Red Wine, Please!?!

It’s about midnight and I am in the most content mood.  Sean just fell asleep.  I always tuck him in, which entails some kisses and cuddle time, typically until he falls asleep.  Then I come back out to the living room and inevitably stay up all night, no matter how I fight to go to dream land.

Tonight the whole Franklin-Newman family is here.  I’ve got my cat, Higbee, hiding in the closet.  Sean’s got his dog, Tuff, who is a cuddle muffin.  Unfortunately, Tuff is confused on what to do right now.  I’m awake, so he wants to be in the living room.  Sean’s in bed, so he wants to be in there too.  It’s turned into a toe nail tap show throughout the apartment.  Plus, all Tuff really wants is for Higbee to be his friend.  He does so well with Higbee.  He looks at him and whines.  If he gets too close, Higbee gives him a warning-growl.  After the warning, the kitty-boxing gloves come out and Tuff runs away whimpering.  Higbee isn’t quite prepared to befriend him, but he is tolerating him, and that’s freaking fantastic.

Why won't you love me!?!

Other than having a “full house” I’m content because of Nutrisystem.  I’m on day 4 and I can already tell that it’s working.  Standing, my stomach is no longer sticking out twice as far as my breasts.  Keep in mind, I’ve got itty-bitty ta-tas, so sticking out twice as far is not as huge as the average woman would thus be.  Now, if I’m wearing a bra, they’re at the same “outtie” distance.  Yay!  Plus, when I sit, I don’t feel like my gut is in the way.  I can’t believe the difference 4 days has made!

There’s only two big down falls.  I had gotten used to “grazing” and now it’s really difficult to not lick the peanut butter knife after I spread it on Sean’s peanut better and jelly sandwich.  I’m only allowed one teaspoon of peanut butter at dinner time.  A teaspoon!?!  That’s not even enough to make ants on a log.  Also, since Sean is eating regular food, when he leaves out the stir-fry for a little while, I just want to pop bits of it in my mouth.  That’s where the will power has to be strong.  I’m happy I’m seeing results already, or I wouldn’t be able to hold out.  (Why is this a different font!?!  I can’t figure out how to fix it.)

Breakfast

The second downfall: When I have fresh veggies, I used to always have a glass of red wine with it (or a bottle.  Whatever.).  I didn’t even realize that I did that.  It’s become apparent as I find myself craving it like no other.  Since I’ve moved in with Sean, who is a recovering alcoholic (2yrs and 4months sober!), I’ve decided to not drink.  Before getting out here, I’d already decided that I wouldn’t keep alcohol in the house.  That just seems cruel.  However, I did plan on having drinks here and there while out with Sean’s friends and family.  He has told me multiple times that would not bother him.  The idea of drinking with his friends/family went out the window when I was told that I couldn’t get into Canada to live… or even visit for that matter, because of a 5 year old DUI conviction.  So, I decided to just give up booze for awhile and see how I liked it.
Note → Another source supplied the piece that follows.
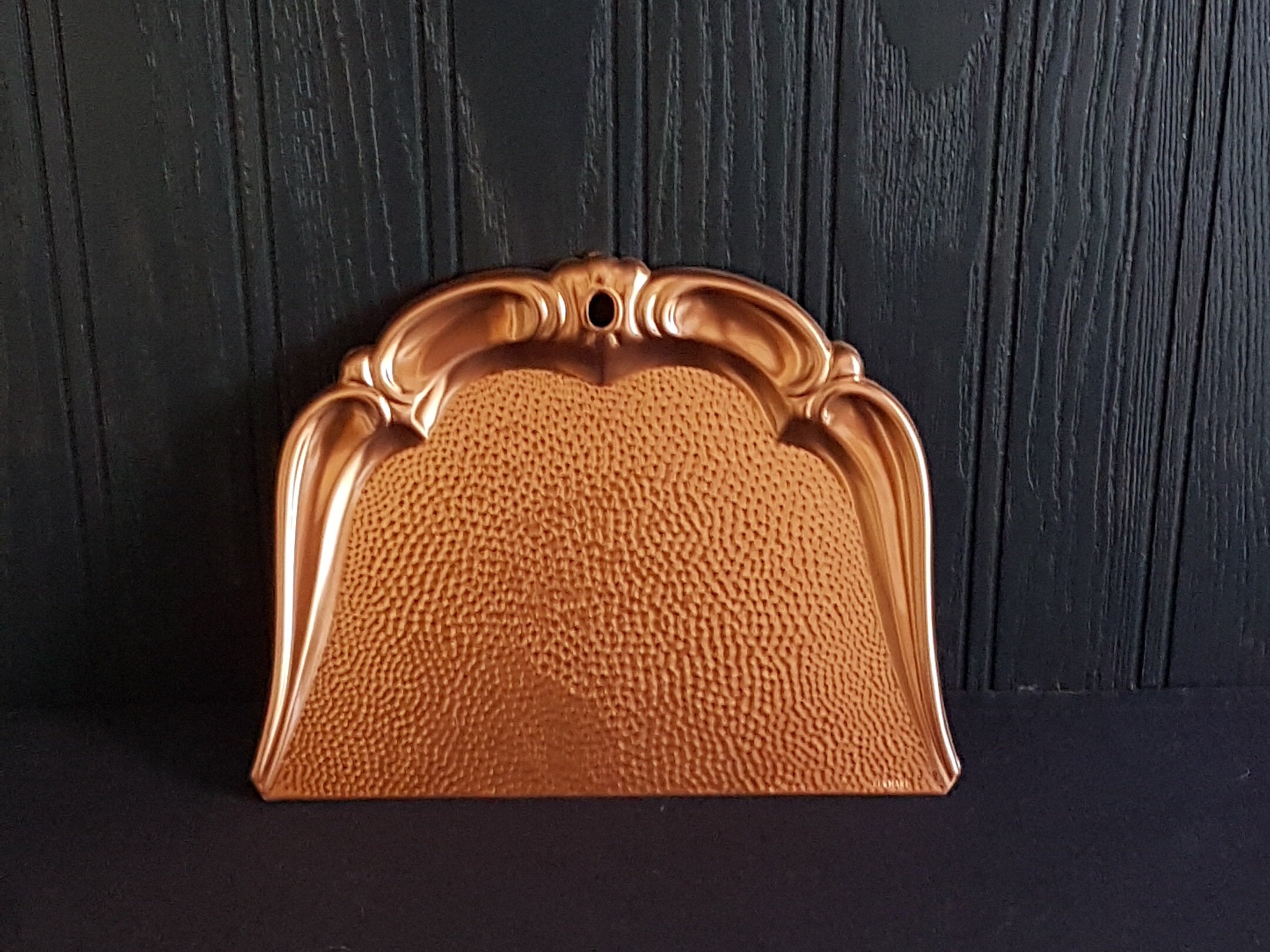 Vintage German Copper Dustpan, Wall Hanging Crumb Pan, Crumb Tray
So far, I’ve had no problem being without it.  Not having a hangover at least once every two weeks has been amazing.  The weight didn’t fall off like I hoped it would…  I thought the empty calories I had been consuming while in the Around the World Club at a local pub in GR must have been keeping the weight on, and continuously adding it to my hips.  Other than not having a hangover, all I’ve seen change is my complexion.  Of course, I also don’t miss waking up to the feeling that perhaps I gave out TMI (too much information) during the bar visit.  I tend to love to talk about sex and poop all of the time.  Sober, I’m able to filter out who the appropriate TMI recipients are, but when drinking, I might tell anybody about everything.  I truly find it taboo that poop and sex are not talked about more often… but you’ve always got to judge your crowd.  I do no judging with a few drinks in me. 🙂

Anyways.  I was not feeling an urge to drink at all until now that I’m on Nutrisystem and I’m not allowed to drink.  You say I can’t do what!?!  Well then I want to do it.  I want to see optimum results, so I won’t be partaking, but man I would love to have a couple glasses of cabernet.  Mmmmm…

Lunch

Overall, I’m thoroughly happy with the Nutrisystem.  I’m actually learning to be a better house “wife” because of it.  There’s no throwing a bunch of crap in a pan and eating it.  I have to think about whether or not it fits into my meal plan, and then I have to prepare it.  About one of the meals during the day, I have NO urge to chop up vegetables and pretend that I’m going to like it.  Of course, once I do it and sit down to eat, I can’t believe how yummy it all is.  Then, the prepackaged meals give me the feeling of eating “normal” food and not being on a totally restricted food plan of fruits and veggies.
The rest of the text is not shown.